Our users requested a last-minute change. We now need to provide a mandatory message to be given with the greetings. This message is confidential information, so it only needs to appear in the greetings.
Reopen the Pharo UI with the image of the previous lesson and change the following methods:
configurationParameters
^ {
(OptionalConfigurationParameter
named: 'Alien name'
describedBy: 'The name of the alien or people to greet'
defaultingTo: 'world').
(MandatoryConfigurationParameter
named: 'Message'
describedBy: 'The message to report'
convertingWith: #asUppercase) asSensitive }
basicStartWithin: context
context outputStreamDo: [ :out |
out
nextPutAll: 'Hello';
space;
nextPutAll: self configuration alienName;
nextPutAll: '!';
cr.
out
cr;
nextPutAll: self configuration message;
cr ].
self exitSuccess
-
First, we will try again the
explain
commandpharo Pharo.image launchpad explain hello-world
the output is slightly different now.
-
Since we added a mandatory parameter if we start the application as before, we will get an error:
$ pharo Pharo.image launchpad start hello-world [INFO] Obtaining configuration... [WARNING] "Alien name" parameter not provided. Using default. [ERROR] "Message" parameter not provided. You must provide one.
-
Now we try a correct invocation:
pharo Pharo.image launchpad start hello-world \ --alien-name=Spock --message="Live long and prosper"

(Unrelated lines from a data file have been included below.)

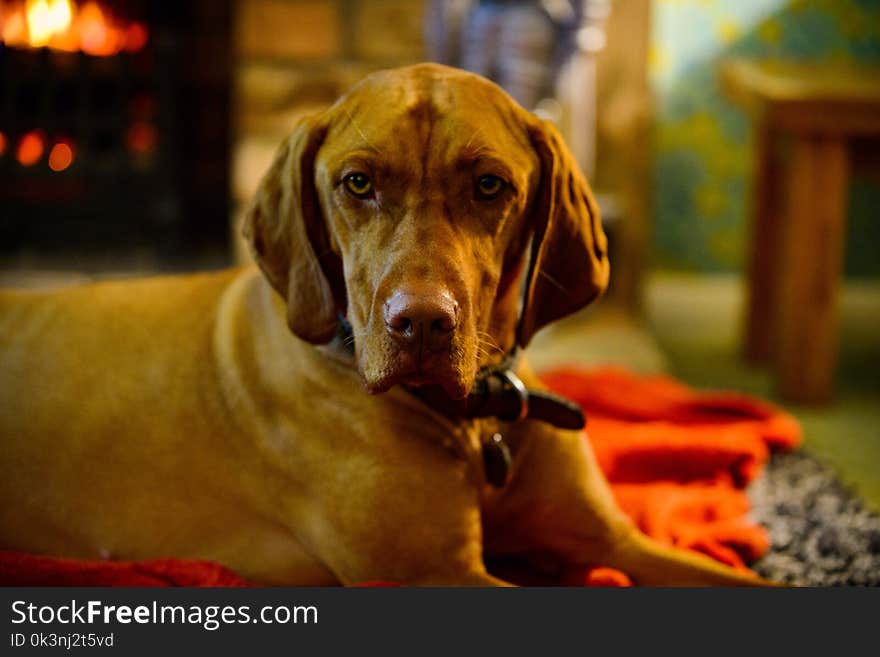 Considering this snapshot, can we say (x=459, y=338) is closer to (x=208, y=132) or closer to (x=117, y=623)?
(x=117, y=623)

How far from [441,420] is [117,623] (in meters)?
0.51

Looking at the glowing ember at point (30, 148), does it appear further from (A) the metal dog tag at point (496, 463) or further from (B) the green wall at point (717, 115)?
(A) the metal dog tag at point (496, 463)

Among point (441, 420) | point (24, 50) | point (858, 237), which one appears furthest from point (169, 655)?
point (858, 237)

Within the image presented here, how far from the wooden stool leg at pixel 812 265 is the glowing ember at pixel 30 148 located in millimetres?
2236

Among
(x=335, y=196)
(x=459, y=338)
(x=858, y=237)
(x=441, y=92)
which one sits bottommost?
(x=858, y=237)

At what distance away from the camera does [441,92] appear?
1420 millimetres

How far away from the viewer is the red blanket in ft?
5.23

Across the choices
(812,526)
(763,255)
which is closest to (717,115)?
(763,255)

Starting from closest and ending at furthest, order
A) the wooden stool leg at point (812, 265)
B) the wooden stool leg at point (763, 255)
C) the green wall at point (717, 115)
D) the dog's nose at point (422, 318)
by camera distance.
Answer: the dog's nose at point (422, 318) < the wooden stool leg at point (812, 265) < the wooden stool leg at point (763, 255) < the green wall at point (717, 115)

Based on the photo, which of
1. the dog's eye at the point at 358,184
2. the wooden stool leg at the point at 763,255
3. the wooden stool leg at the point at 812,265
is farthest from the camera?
the wooden stool leg at the point at 763,255

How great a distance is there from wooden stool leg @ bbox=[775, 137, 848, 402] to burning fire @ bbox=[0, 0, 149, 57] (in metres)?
2.07

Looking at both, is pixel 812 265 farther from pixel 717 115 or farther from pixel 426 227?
pixel 426 227

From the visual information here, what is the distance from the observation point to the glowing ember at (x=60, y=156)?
10.9 feet

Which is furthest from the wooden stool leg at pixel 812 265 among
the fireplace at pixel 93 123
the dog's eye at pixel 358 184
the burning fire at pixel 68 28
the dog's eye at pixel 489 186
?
the burning fire at pixel 68 28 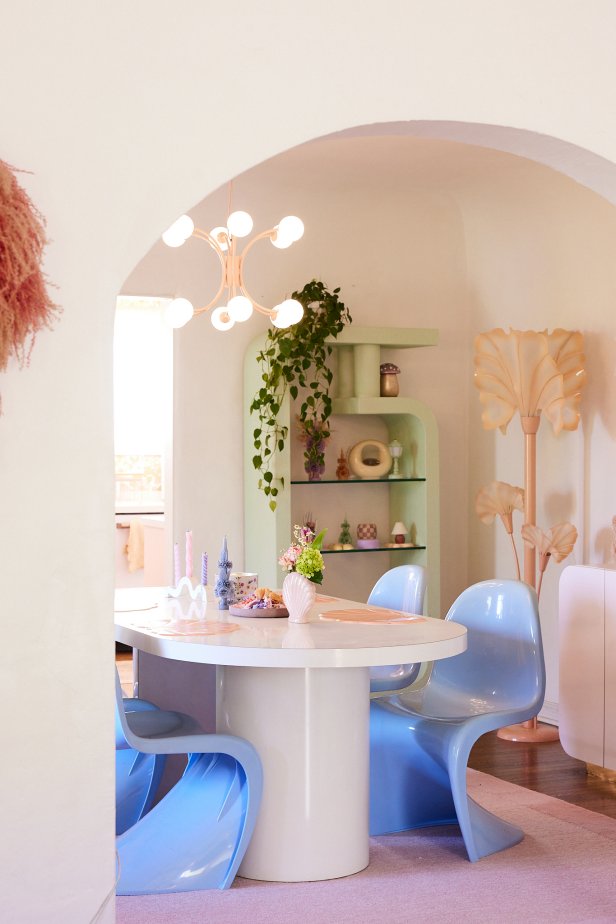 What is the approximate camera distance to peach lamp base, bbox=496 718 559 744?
5336 millimetres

the expected output must be
2021-11-19T10:40:41-03:00 [INFO] Obtaining configuration... 2021-11-19T10:40:41-03:00 [INFO] Alien name: Spock 2021-11-19T10:40:41-03:00 [INFO] Message: ********** 2021-11-19T10:40:41-03:00 [INFO] Obtaining configuration... [DONE] Hello Spock! LIVE LONG AND PROSPER
Let's recap this lesson:
- We introduced a new kind of parameter, a mandatory one. When one of these parameters is missing, Launchpad reports an error and exits with an error code.
- We also introduced the
asSensitive
message, whose purpose is to avoid leaking parameter values in the logs. - To create the parameter, we used an instance creation method with a converter. Optional parameters also have support for them. Converters transform the parameter values before storing them in the configuration. Any object responding to cull:/value: can be used as a converter.